Líderes políticos paranaenses têm o que aprender com catarinenses e gaúchos na busca por recursos e investimentos
Conta-se do Concílio de Bizâncio, no século 4.º, que os bispos e teólogos que dele participavam procuravam descobrir, dentre outras irrelevâncias, quantos anjos cabiam na cabeça de um alfinete. Daí a expressão "discussão bizantina" para definir a inutilidade de certas polêmicas que, vez ou outra, tomam conta da cena política. A mais atual diz respeito à distribuição de recursos federais entre os estados o Paraná reclama ser constantemente preterido nos repasses orçamentários pela União, favorecendo outros estados que, comparativamente ao nosso, são demograficamente menores ou menos contribuem na arrecadação de impostos, ou para o desenvolvimento do país.
A reclamação parece fazer todo o sentido. De fato, embora seu território ocupe apenas 2,6% da extensão do país, é o Paraná responsável pela geração de quase 40% da energia hidrelétrica brasileira e por 25% da produção de grãos.
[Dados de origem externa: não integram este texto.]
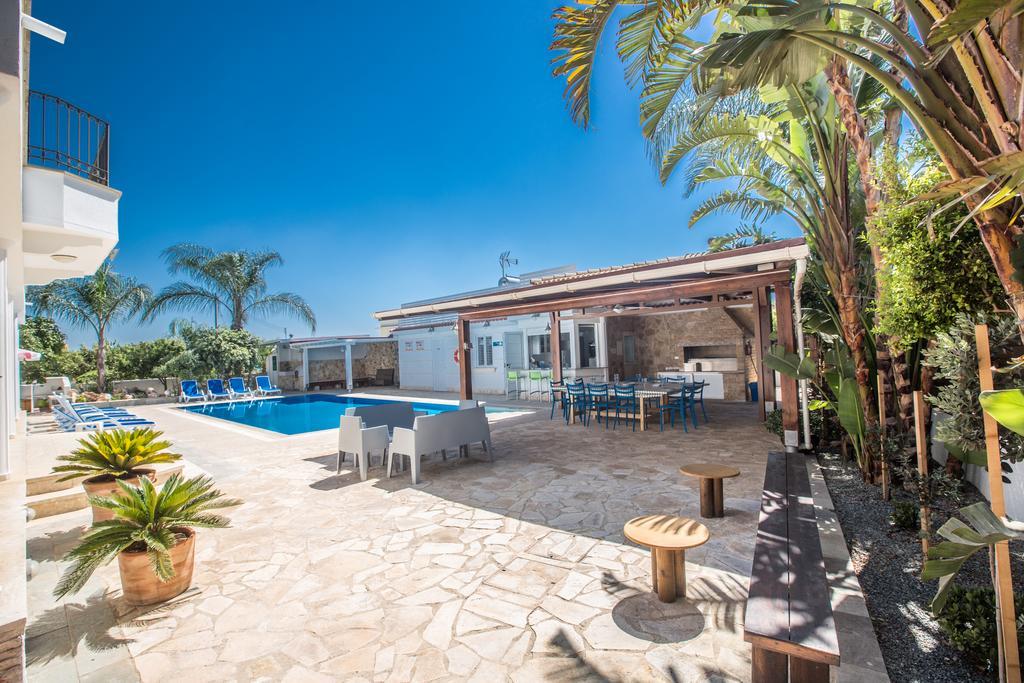 Papas Family Villa Паралімні Екстер'єр фото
Só esses dois fatores já são suficientes para demonstrar que grande parte das luzes que se acendem e das indústrias que se movem para gerar riquezas Brasil afora usa a energia aqui produzida, sem falar na segurança alimentar que proporcionamos ao país e das exportações agropecuárias que garantem os superávits da balança comercial.
Seguindo tal raciocínio, seria naturalmente de esperar que o Paraná fosse melhor aquinhoado pela União relativamente a outras unidades da federação menos representativas. É o caso citado pelo governo do Paraná: dos três estados do Sul, o nosso ocupa o terceiro lugar nos investimentos da União embora tenhamos potenciais semelhantes aos do Rio Grande do Sul e o dobro daqueles de Santa Catarina.
Mas é exatamente nesse ponto que se encontram os primeiros traços da mentalidade bizantina com que a questão é encarada. Ela não pode ser vista meramente como aritmética, pois a defini-la existem outros fatores que precisam ser reconhecidos. Um exemplo: por que o estado de Santa Catarina é mais beneficiado que o Paraná? Entrevista com o governador daquele estado, Raimundo Colombo, publicada na Gazeta do Povo do último domingo, contém algumas explicações: é ele, pessoalmente, que seguidamente vai a Brasília em busca de recursos e de agilidade nas decisões federais que envolvam os interesses catarinenses. A receita, ao que tudo indica, tem dado ótimos resultados.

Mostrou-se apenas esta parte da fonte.